Leaning into the frame in front of a glowing cross-shaped candelabra, the vicar briefly introduced the topic of waiting. Then he glanced down at his shoulder, which evidently was a bit too close to the candles.
“Oh dear, I’ve just caught fire!” he exclaimed, batting out the flames engulfing the sleeve of his sweater.
In the next video, Beach kept his distance from the candles but encouraged viewers, “You must watch the outtake. My family are really impressed with it.”
Googly Eyes Rector
Adam Sexton of St. Andrew's Orthodox Church in Ashland, Virginia, had never used Facebook Live until recently.
When the archbishop of Washington closed all parishes in the diocese and directed Orthodox believers to pray at home, Sexton wanted to make the Divine Liturgy available to them.
So, the rector recounted in a March 15 Facebook post that has been shared more than 2,000 times, his child walked him through how to use the livestreaming feature. Unfortunately, the child didn’t walk him through its filters, which overlay special effects on speakers’ faces.
When he stepped close to the camera, he realized afterward, a pair of large googly eyes appeared on his face throughout the video.
“I have no idea why or how but it’s hysterical and I’m not even mad,” Sexton posted. “It’s fantastic. So so so funny.”
Undeterred, he said, “We’ll give it a shot again next week.”
Facebook filters strike again
It wouldn’t be the last time Facebook filters foiled well-meaning clergy.

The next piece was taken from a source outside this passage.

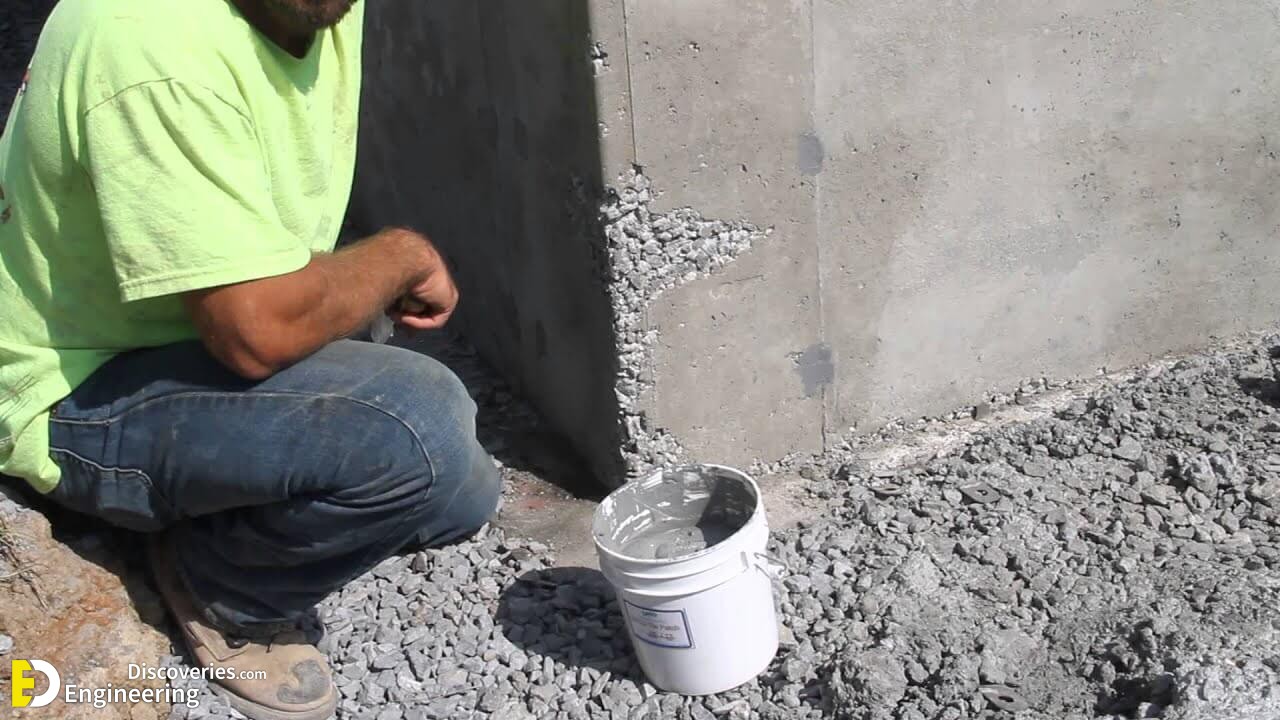 In Concrete Causes, Prevention And Remedies Engineering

A Twitter user tweeted a video clip Monday that has been viewed since then more than 7 million times of a Roman Catholic priest livestreaming Mass in Italy wearing a series of virtual accessories.
As the priest greeted viewers, “Buona sera,” a colorful digital helmet appeared over his face.
The video then cycled through a few more filters, making the priest appear to be lifting weights before donning a Blues Brothers-style dark hat and sunglasses.
“Technical difficulties won't stop him. He's on a mission from God,” one Twitter user responded.
UPI since has identified the priest as the Paolo Longo, parish priest of the Church of San Pietro and San Benedetto di Polla in Salerno.